Neste ponto os sindicatos não estão sozinhos, também a Estratégia Europeia para o Emprego e o Plano Nacional de Emprego, para os quais contribuiu a Presidência da União Europeia desempenhada por Portugal, parecem ignorar a contradição entre a “sociedade do conhecimento” e o trabalho assalariado [6]
E no entanto, já em 1865, dirigindo-se ao Conselho Geral da Primeira Internacional Marx apresentava como objectivo essencial de luta a abolição do sistema de salários (Salário, Preço e Lucro, pp. 80 [7])
Analisemos agora a distribuição dos 3.004.761 trabalhadores assalariados constantes dos Quadros de Pessoal enviados ao Ministério do Trabalho e Segurança Social em 1999 e da “A Administração Pública em Números” de 1999 :



Quadro 1.3 - Distribuição dos assalariados por profissões



(clicar o quadro para ampliar)


Constata-se que:
1. Só 29,3 % dos assalariados em empresas ou na Administração Pública, são operários ou têm uma actividade similar.
2. Cerca de 1.949.587 cidadãos têm profissões em que se procede ao tratamento de informação e não à transformação de materiais. Correspondem já a 64,9 % dos assalariados nas empresas ou na Administração Pública.
Estes números, permitem concluir que, ao contrário das previsões que se faziam no século XIX, existe um número muito elevado de trabalhadores “não-operários" que provavelmente não se sentirão "retratados" na análise marxista ou, pelo menos, na prática dos partidos marxistas.
Estes trabalhadores, a que se deve juntar um número crescente de operários que lidam com equipamentos complexos, funcionam num ambiente onde cada vez conta menos o tempo de trabalho e cada vez conta mais o conhecimento que injectam nas tarefas realizadas.
Por outro lado a concepção tradicional da luta de classes é de certa forma posta em causa por situações como:
1. Cada vez mais trabalhadores assalariados estão perante um patrão que é um representante do Governo eleito e não um empresário privado
2. Segundo a APETT, Associação Portuguesa de Empresas de Trabalho Temporário, 1,5 % da população activa empregado actua no quadro de contratos de trabalho temporário (DN 14 de Abril 2003). Tal significa que um número substancial de trabalhadores trabalha por “aluguer” em empresas com quem não tem nenhum vínculo contratual. As 380 empresas “alugadoras” de mão-de-obra facturam anualmente 500 milhões de euros.
3. Das 234.850 empresas que enviaram Quadros de Pessoal ao Ministério do Trabalho e Segurança Social em 1999, 193.001 têm até 9 empregados. Isto significa que para muitos trabalhadores assalariados são muito limitadas as possibilidades de organização sindical e de reivindicação laboral dada a reduzida dimensão das unidades em que laboram.
Na constatação de todas estas “anomalias” deve assentar a principal motivação para o reajustamento do paradigma marxista e para uma revisão profunda dos pressupostos em que se tem fundamentado a acção sindical e política.
Sem esse reajustamento muito dificilmente será possível ganhar estas vastas camadas de “trabalhadores do conhecimento” para a transformação progressista da sociedade.
A teoria do valor de Marx, e portanto o valor fundamentado no tempo de trabalho, insere-se na definição por Marx do sistema capitalista. Faz todo o sentido que um modo de produção que paga o trabalho na base do tempo considere o tempo como a base do valor.
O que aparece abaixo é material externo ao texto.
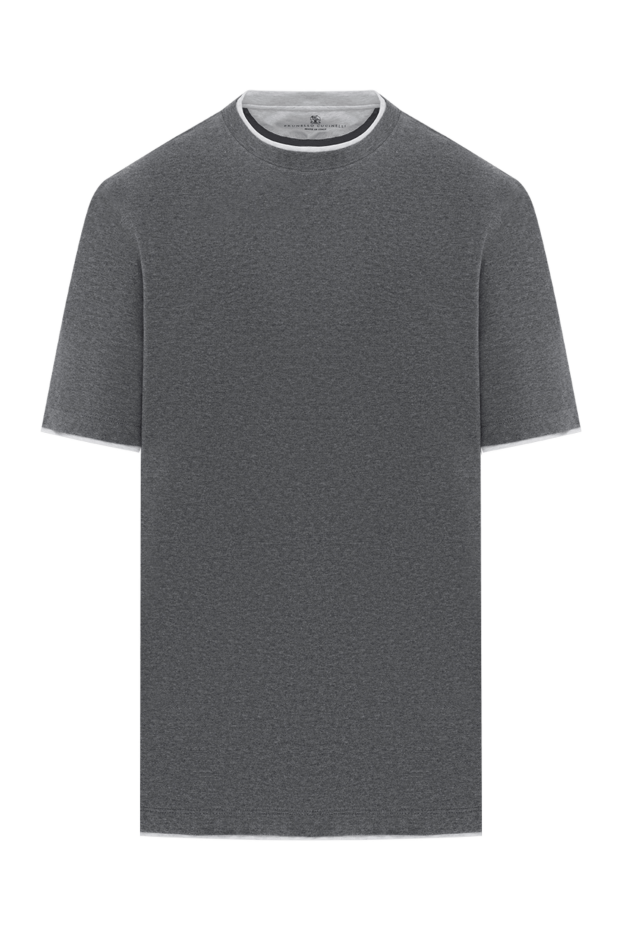 Men's dark gray cotton T-shirt with edging - photo 1
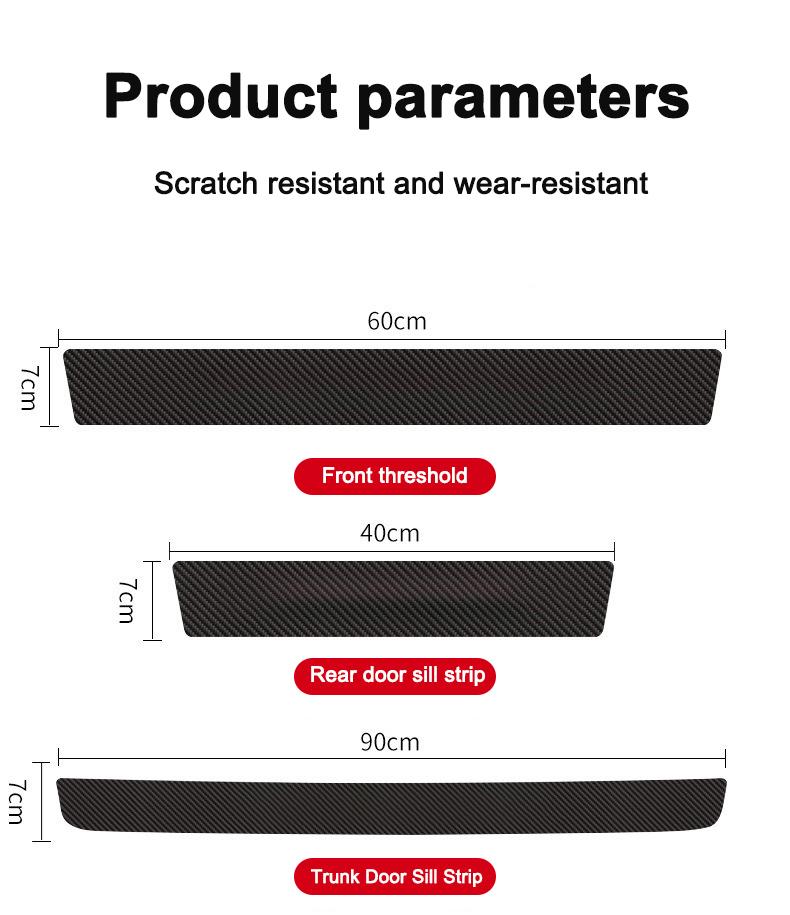 AAAQL1 Car Carbon Fiber Door Sill Strip Sticker Trunk Guard Plate Sticker For BMW 1 2 3 4 5 7 Series X1 X3 X4 X5 X6 X7 F10 F20 F30 G20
Não é crível que Marx pretendesse com isso definir uma tese fora da História (se é que tal é próprio de um marxista) mas sim caracterizar o Capitalismo. Os textos dos Grundrisse anteriormente citados mostram que Marx antevia o fim do valor baseado no tempo de trabalho.

Como veremos mais adiante, a nossa tese defende que no modo de produção emergente, o Digitalismo, o valor baseia-se não no tempo de trabalho mas no "conhecimento incorporado" através do trabalho.
Quando afirmamos isto não estamos a contradizer Marx mas sim a fazer uma extensão da sua teoria do valor para um novo contexto.
Vamos mesmo mais longe, estamos a ir ao encontro do que Marx entendia como objectivo maior dos trabalhadores: acabar com o trabalho assalariado.
Sem se superar a teoria do valor baseada no tempo de trabalho é impossível superar o princípio do assalariamento e visualizar a sua substituição por uma relação de produção de novo tipo.